Severna Park junior Matt Guanti is trying to become a better golfer, a smarter golfer. It is the smarter golfer, he believes, who will save strokes over the four-hour trek that is an 18-hole round of golf.
"It's just as important what you do with the bad shots as what you do with the good shots," Guanti said last week during a practice round with his Severna Park teammates at Walden Golf Club in Crofton.
To that end, Guanti recalled a situation that occurred earlier this month at Anne Arundel County's 36-hole preseason tournament, played at Old South and Eisenhower. After shooting a 76 in the first round at Old South, Guanti said, he felt he needed a 73 at Eisenhower to stay in contention and have a shot at winning.
On the par-5 16th hole, Guanti's tee shot sailed well right, into the trees, and the ball came to rest next to an eight-foot-long tree trunk lying on the ground, impeding his next shot.
"Last year, if I hit a bad shot I [automatically] made bogey or worse," Guanti said. "This year, my mindset is to make the best of it."
And so he did. Instead of bemoaning the bad break, Guanti summoned his Severna Park coach, Paul Pellicani, and South River freshman Josh Eure (with whom Guanti was playing), and the three of them lifted the heavy trunk aside, a perfectly legal maneuver as long as his ball remained undisturbed.
He could have tried to hit a long iron through trees, but it was risky. Instead, Guanti punched out to the fairway, hit a 4-iron 220 yards to the side of the green, chipped on, and made the putt for par.
Two holes later, he won the event by a stroke over teammate Kelly Lynch, his first-ever victory in an open tournament. "Last year that would have been a 7 or an 8," he said.
In addition to playing smarter, Guanti is also playing stronger -- the result of some weight training classes in the past two years at Severna Park.

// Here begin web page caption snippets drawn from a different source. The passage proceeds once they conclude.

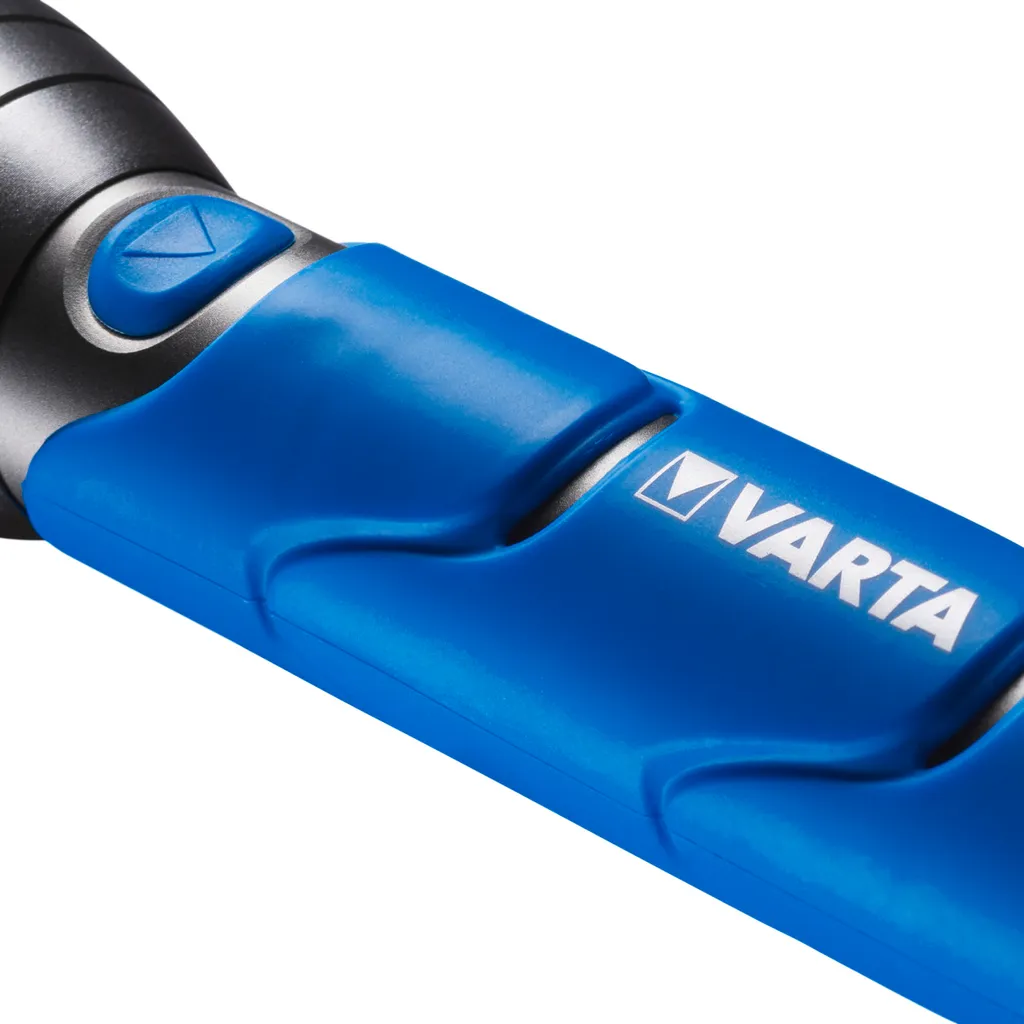VARTA LED Taschenlampe "Outdoor Sports Flashlight" 3 C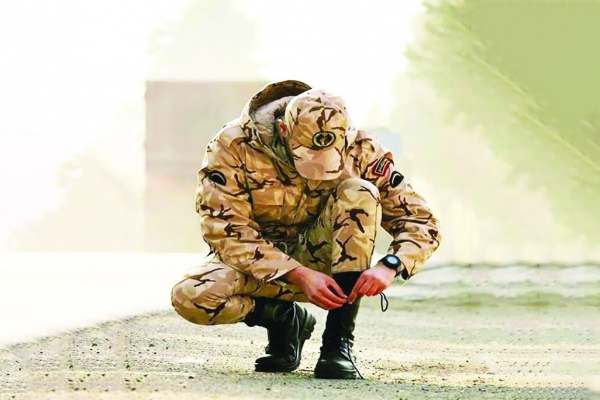 ۲-سال-سربازی-در-ارتش-یک-عمر-خاطره-تمام‌نشدنی
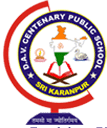 DAV CENTENARY PUBLIC SCHOOL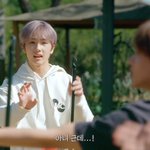 [NCT즌] 박지<b>셩</b>은 말할 때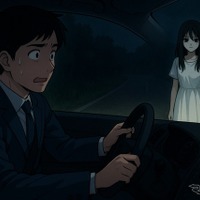【怪談】最後のひとり 画像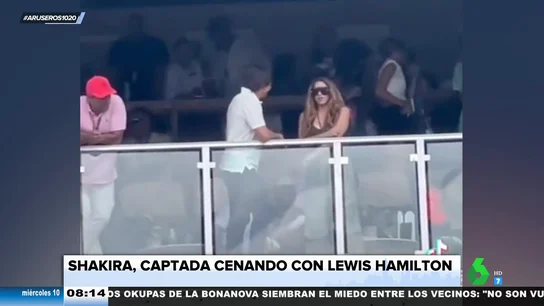 Shakira shakira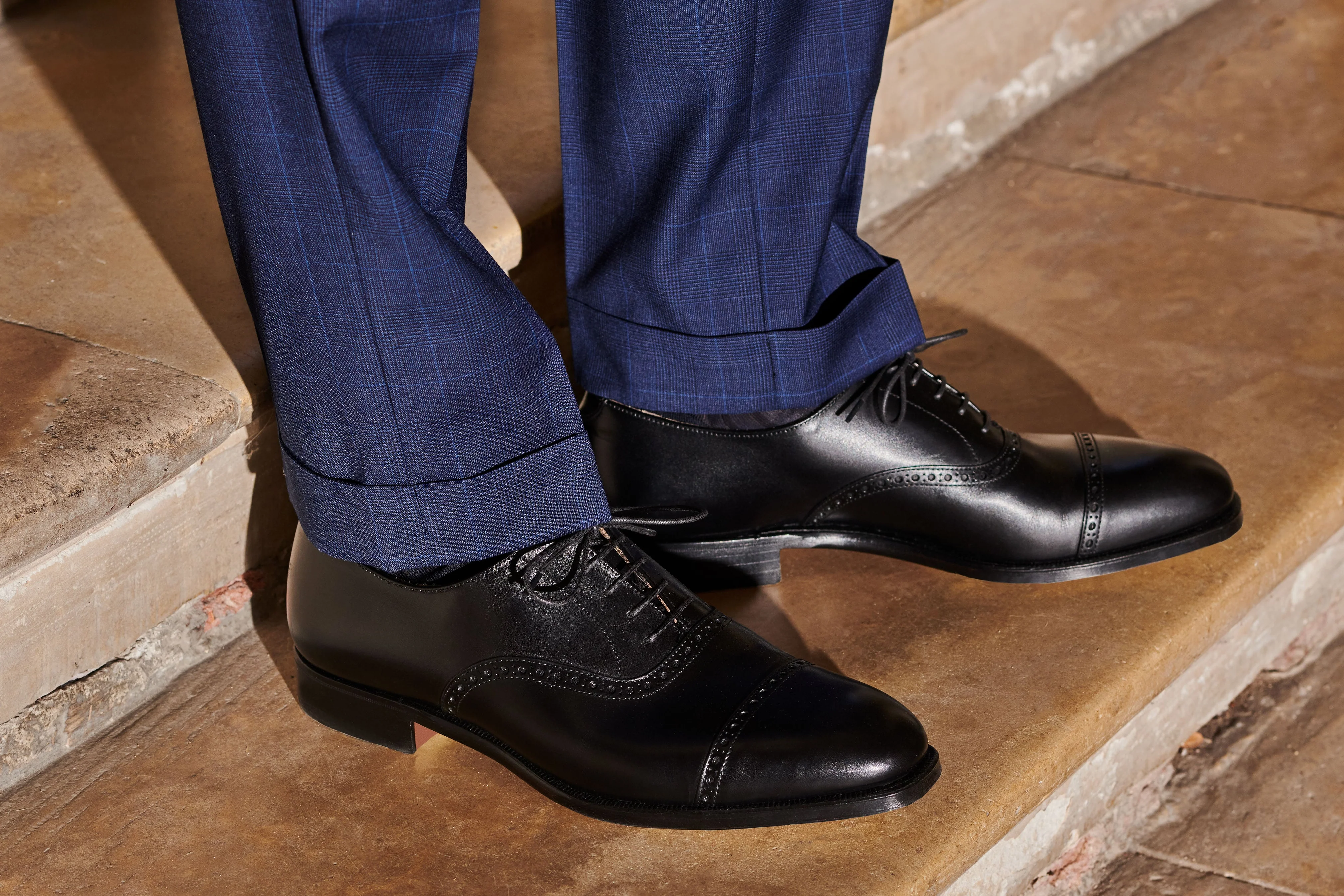 Le George Black - Image 3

Guanti's tee shots with his 3-wood routinely travel 270 yards or more, allowing him to keep his driver, a club that typically can't be controlled as well as a 3-wood, in the bag for every hole of the preseason tournament.
"Course management, maturity," said Pellicani, when discussing what he sees in the Falcons' No. 1 player this fall. "The younger players think if they can hit 270 with a 3-wood, then maybe 300 with the driver. Then you end up putting yourself in jail" -- in the rough, in the woods or out of bounds. "He never pulled out the driver. There's a lot of value to keeping the ball in play."

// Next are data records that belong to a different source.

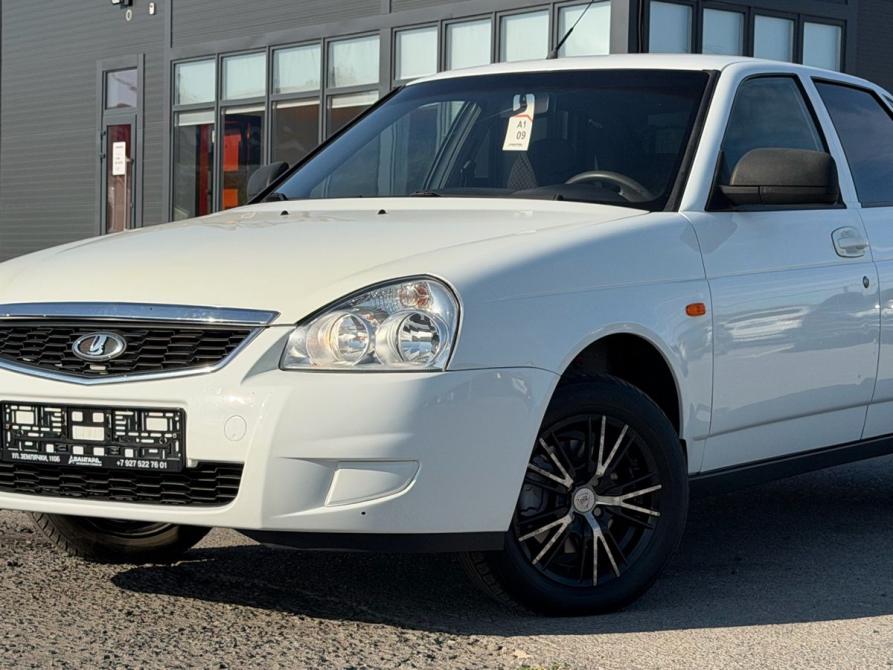 Lada (ВАЗ) Priora I Рестайлинг Волгоград  - изображение 3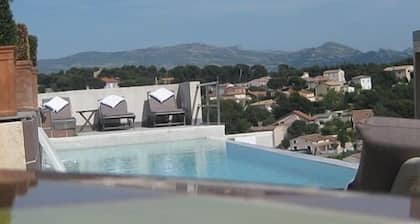 Villa Blanche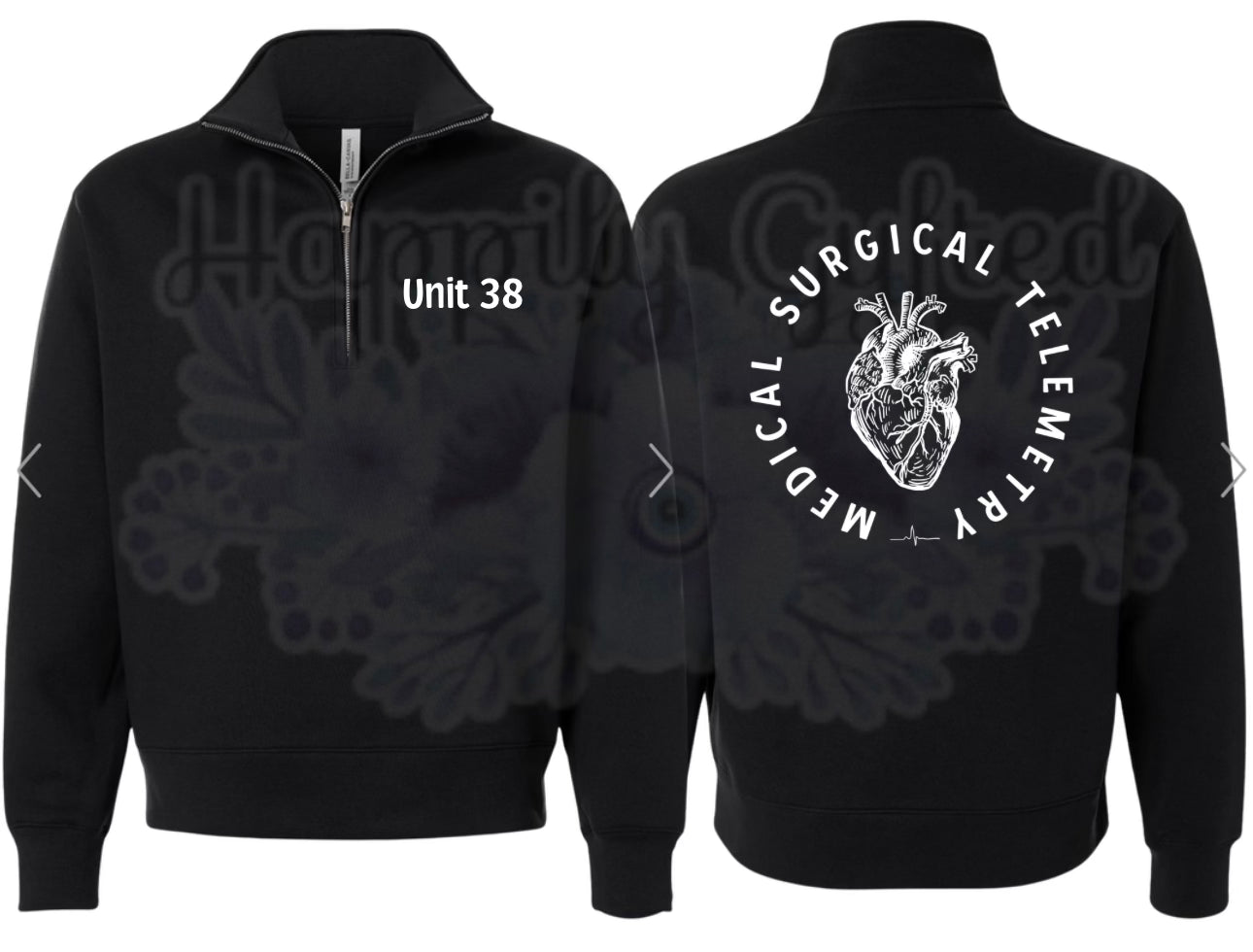 GBMC Unit 38 Apparel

Guanti, who stands 5 feet 8, credited Severna Park football coach J.P. Hines, who taught the weight training class last year, with helping him increase the strength in his upper and lower body. For instance, Guanti said, he initially bench pressed 140 pounds and now can press 210. And the leg squats that started out with 185 pounds have increased to 350 pounds.

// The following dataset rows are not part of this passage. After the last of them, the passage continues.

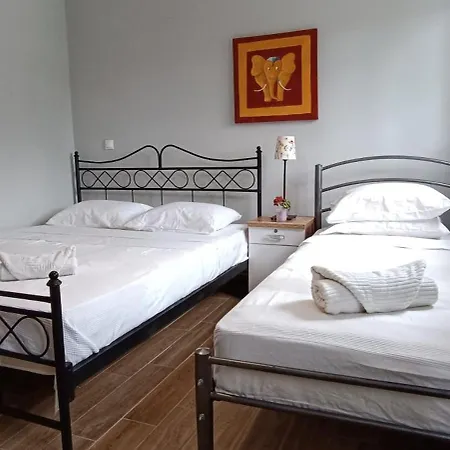 Ormos Palace * أورموس باناجياس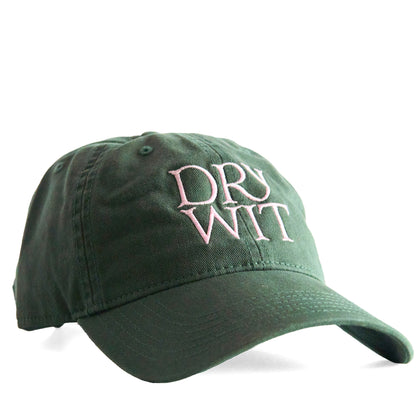 Dry Wit Cap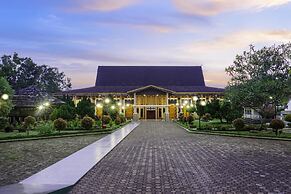 Radisson Lampung Kedaton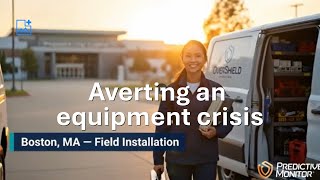 How One OverShield® Alert Averted a Crisis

"Last year my 150-yard club was a 7-iron; now it's a pitching wedge," said Guanti, adding that his favorite shot is the approach from "150 yards and in."
Guanti said he'll be aiming to play college golf after he graduates in 2007, but for now there are three goals on the closer horizon. He's already accomplished one -- winning the preseason tournament -- and feels he's ready to vie for the county and district titles.
Jim Kardash, who teaches hundreds of juniors in the Baltimore area, has coached Guanti at Arundel Golf Park in Glen Burnie.
"He's got a great attitude," said Kardash. "I want him to go on out there and get more of a killer instinct [in tournament play], a little more confidence."